With the bleak economic picture in Greece, many wineries are looking to sell their product out of Greece. Many feel that they will at least get paid in a timely manner by those other than their compatriots. Over the past few months, we have received inquiries, samples and telephone calls from many wineries - some already known and others up and coming. What amazes me is that there are MANY people involved in the Greek wine industry that have not done their homework and think that it is easy to export their product. I have sat with potential suppliers and when I begin to ask them questions about their products, philosophy, vision and future plans, I am met with a blank stare.
As a result, I think that to start the year off right, I will give those hopeful of exporting to the US market a bit of insight as to what is needed & what to expect. This doesn't just apply to Greeks - hopefully this information will be useful to wineries from other parts of the world as well.
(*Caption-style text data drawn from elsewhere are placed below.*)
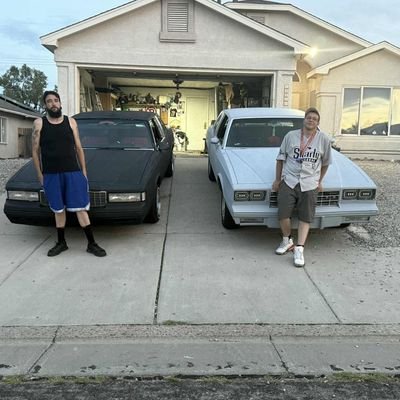 JoshTheRipp3r's profile picture. GOD above all. 🙏🏻📒
HIPHOP 🎙️ 🎤 song 🎶 
Cannabis Connoisseur 
BadicanHouse 🅱️🏠
84' Monte Carlo Owner 🚗 💨
#LowLifeCarClub
Burque, NM 🐺 ☀️ 🐾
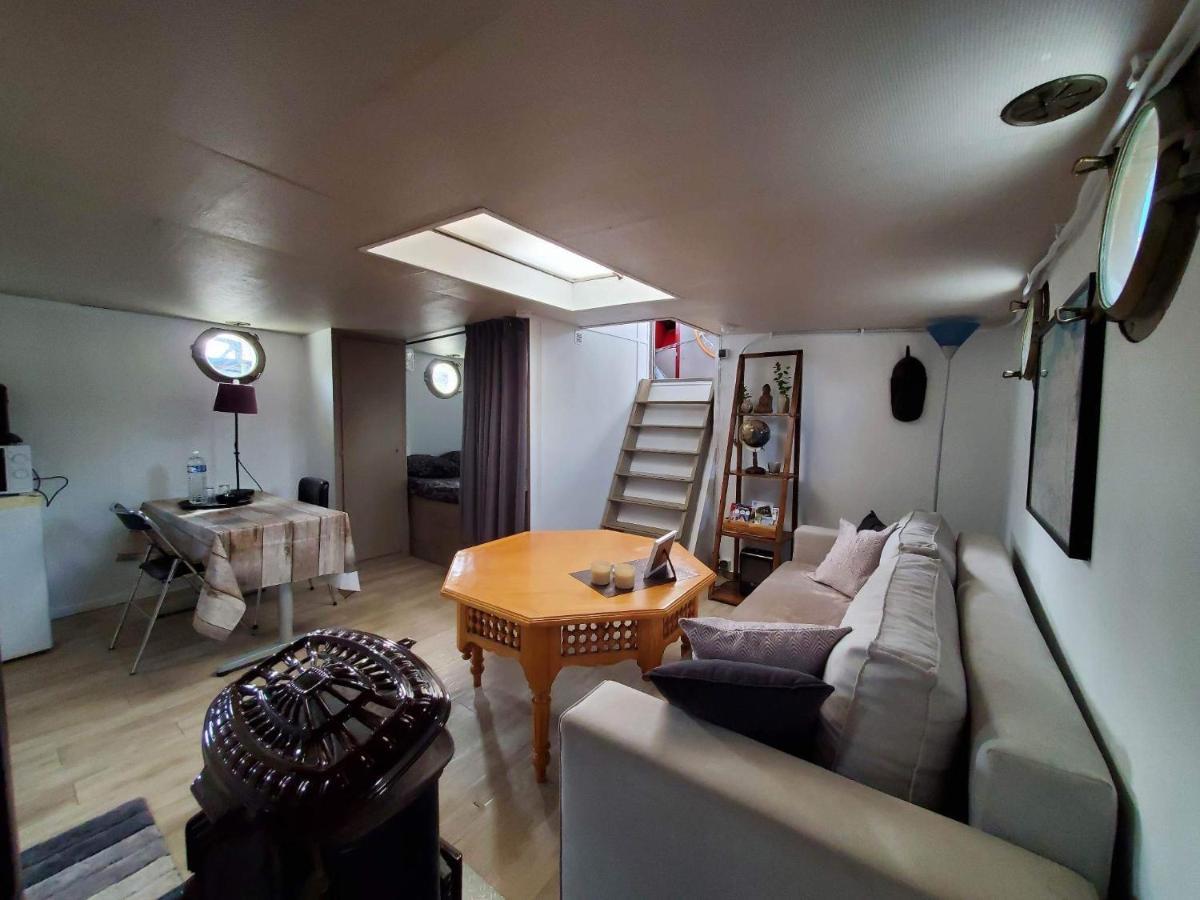 Peniche "Louise Michel" Sejournez Dans L'Appartement Du Capitaine, Offrez Vous Une Experience Inoubliable Au Fil De L'Eau Douai Eksteriør billede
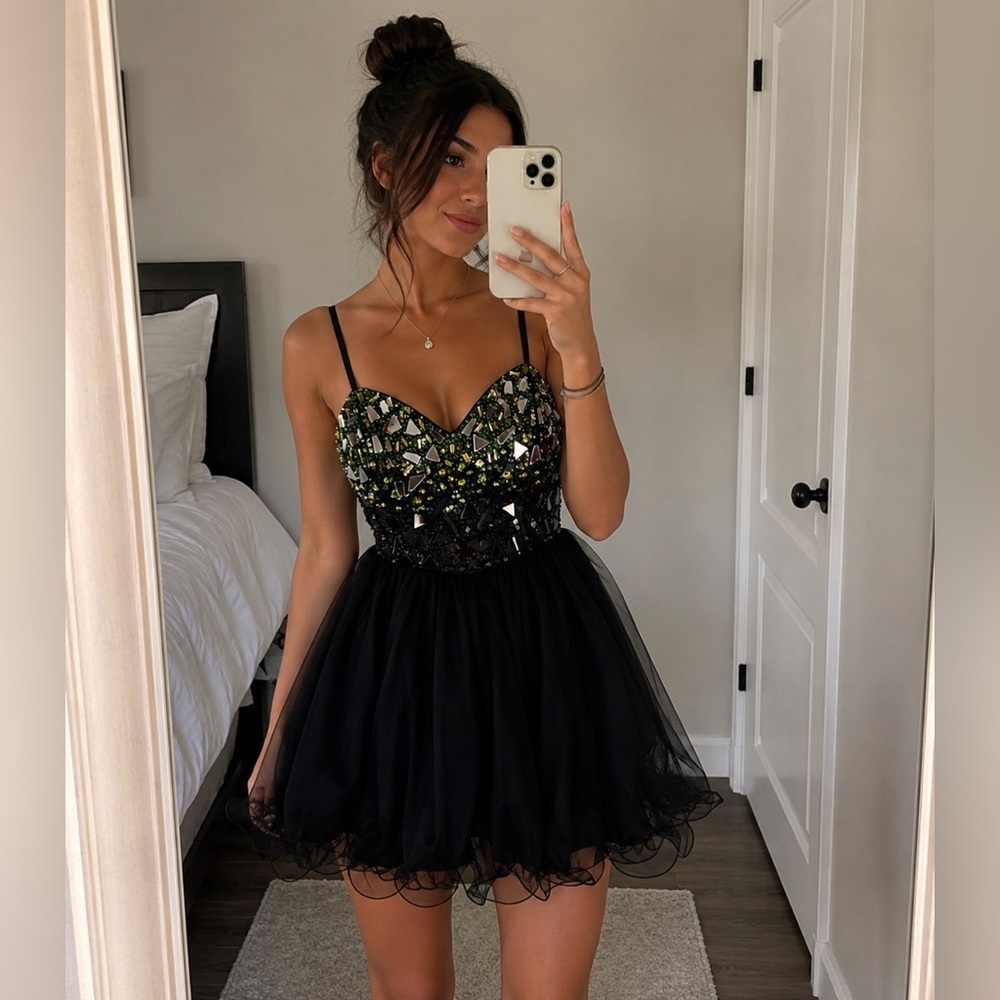Short Black and Green Prom Dress with Elegant Design M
If you are a winery looking to approach an importer, here are a few key points that you need to be prepared for:
1. Familiarize yourself with an importer's existing portfolio. Every reputable importer has a website. Go through a list of the wineries already being imported - do your wines fit a hole in the importer's portfolio or is it similar to other wines already being imported? In many instances, importers are looking to offer their distributors a well rounded portfolio with wines from all regions of the country. If you see a gap somewhere, that can be an opportunity to have your wines and winery taken into consideration.
2. Pricing. Are you going to charge for your wines in Euro or in Dollars? If you are charging in Euro, your wine, without even factoring in freight, taxes, etc... will already be about 30-40% more expensive. You need to factor this into your price offering. No matter how great a wine is, by the time you factor in FX rates, taxes, freight and traditional markup, it will cost reasonably more than what you sell it for in your home country. As a result of the financial collapse, many wineries have 2, maybe 3 vintages holding in tanks. There is an immense pressure to reduce inventory whatever the cost. You are seeing many well known wineries releasing 2nd or 3rd labels at lower price points in order to move through their stock. You are getting great values in this category and while it may be only for the short term, there is enough stock to supply demand for the next year or two (or three). The bottom line is that you are competing against the world's wines for market share - buyers are driven by price. Even if the wine is good but they feel the price is too high, they will pass over it because there will be 5 wines similar to it waiting to fill the slot.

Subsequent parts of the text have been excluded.